Ever since South Carolina’s Rep. Joe Wilson insulted the president and his office during Wednesday’s Health Care speech, the newspapers can’t get enough of his connection with the Sons of Confederate Veterans as well as his outspoken support for the public display of the Confederate flag and “Confederate honor.” Today’s NYT’s column by Maureen Dowd takes this news thread to drive home an essentially reductionist connection between Wilson’s nutty little outburst, his personal past, and the broader history of his home state of South Carolina:
The congressman, we learned, belonged to the Sons of Confederate Veterans, led a 2000 campaign to keep the Confederate flag waving above South Carolina’s state Capitol and denounced as a “smear” the true claim of a black woman that she was the daughter of Strom Thurmond, the ’48 segregationist candidate for president. [Therefore] Wilson clearly did not like being lectured and even rebuked by the brainy black president presiding over the majestic chamber.

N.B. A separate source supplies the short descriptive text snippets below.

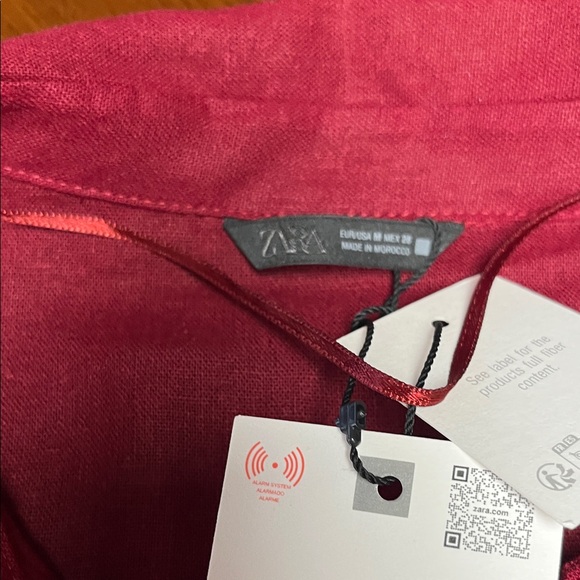 Zara Burgundy Button-Up Shirt - Picture 6 of 10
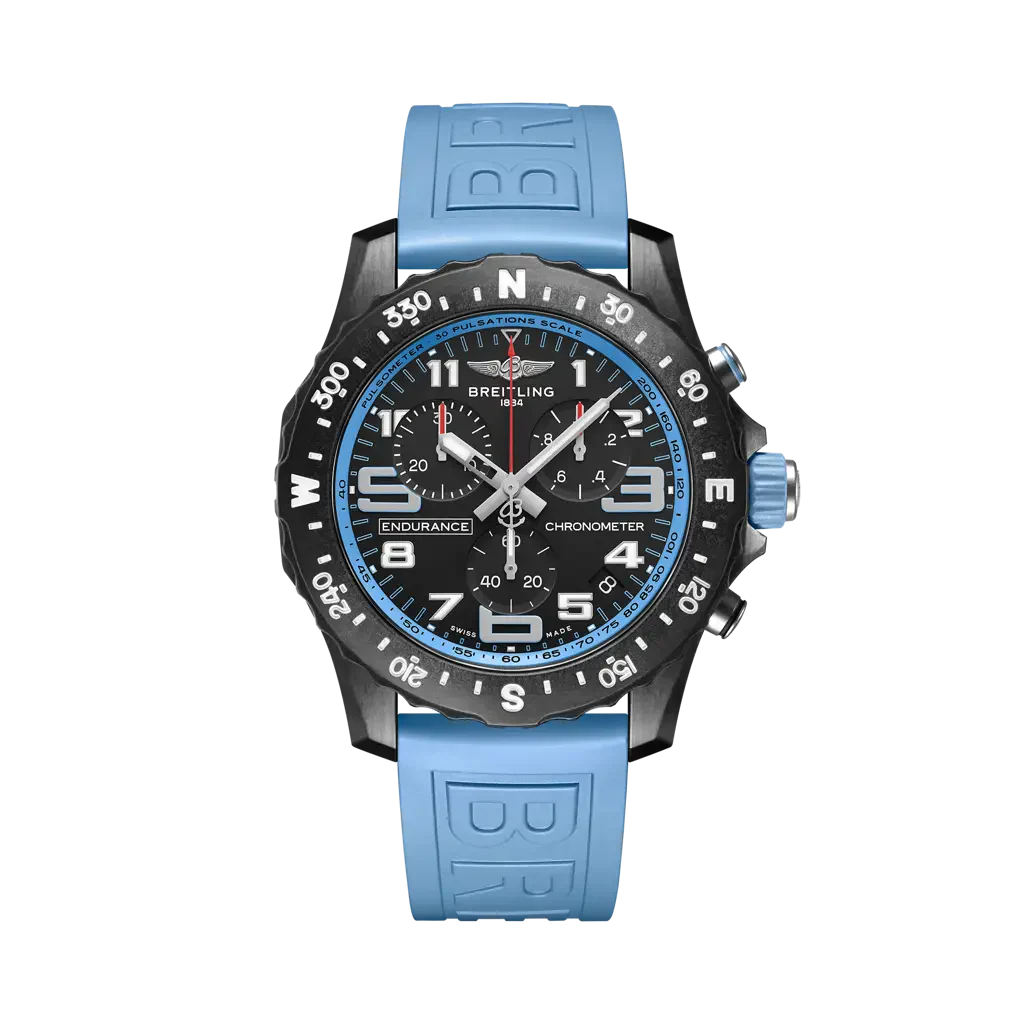 Breitling Endurance Pro 44 mm Black Dial Breitlight Blue Rubber Strap X82310281B1S1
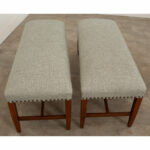 Pair of Reproduction Mahogany & Upholstered Benches
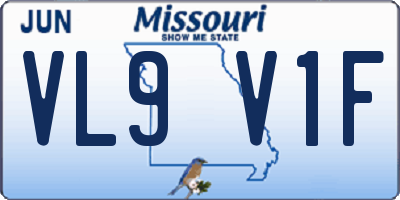 MO license plate VL9V1F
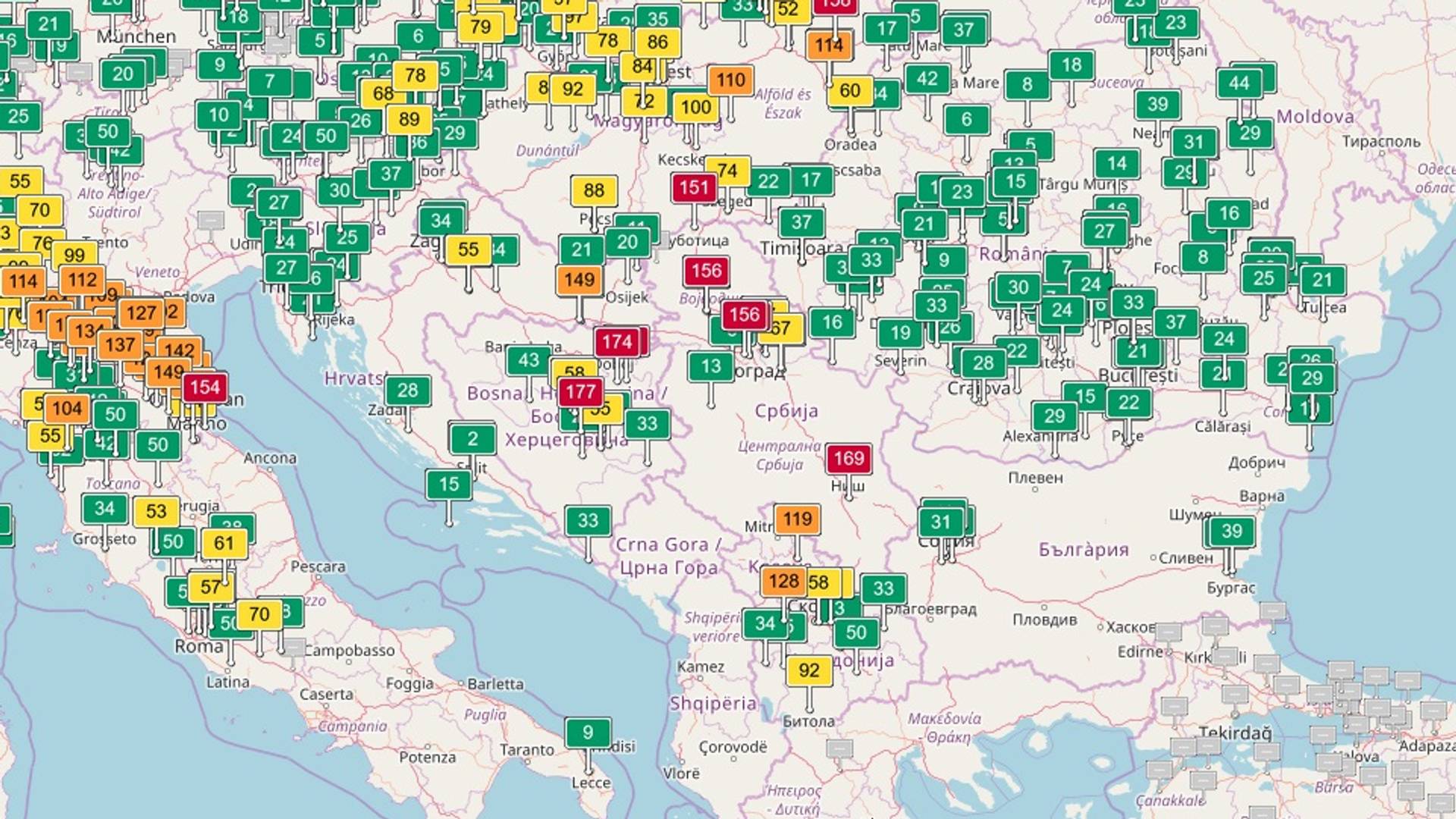 Srbija na mapi nije zelena i to znači samo jedno - imamo problem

Others have tried to situate Wilson into a broader historical narrative that includes the likes of John Calhoun, Preston Brooks, and South Carolina’s own place in the story of secession, Civil War, and Massive Resistance. These narrative memes are so predictable, but ultimately tell us next to nothing about what motivated Joe Wilson’s outburst. Oh…I get it. Because Calhoun, Brooks, and Thurmond are so easily lumped together in some vague reactionary category we might as well throw good old Wilson in there. Dowd and others draw much too close of a connection between between Wilson’s past and the broader history of the state that he represents. It’s almost silly that it even has to be pointed out. SCV members are not necessarily card carrying racists; in fact, I read plenty of news reports of members who voted for Obama back in November. It also doesn’t follow that those who identify with the Confederate past by flying a flag on private property are engaged in racial commentary or attempting to role back the clock to the Jim Crow Era. How much do you think Dowd and others know about the SCV to be able to imply such a connection? Please don’t get me wrong, this is not meant in any way as a public statement of support for the SCV or a signal that a Confederate flag is going up on my front porch. I’ve made my position clear on both the SCV and the flag on this blog.
I get the sense that the many reports that have implied such connections present Americans with another opportunity to play with our Civil War memory.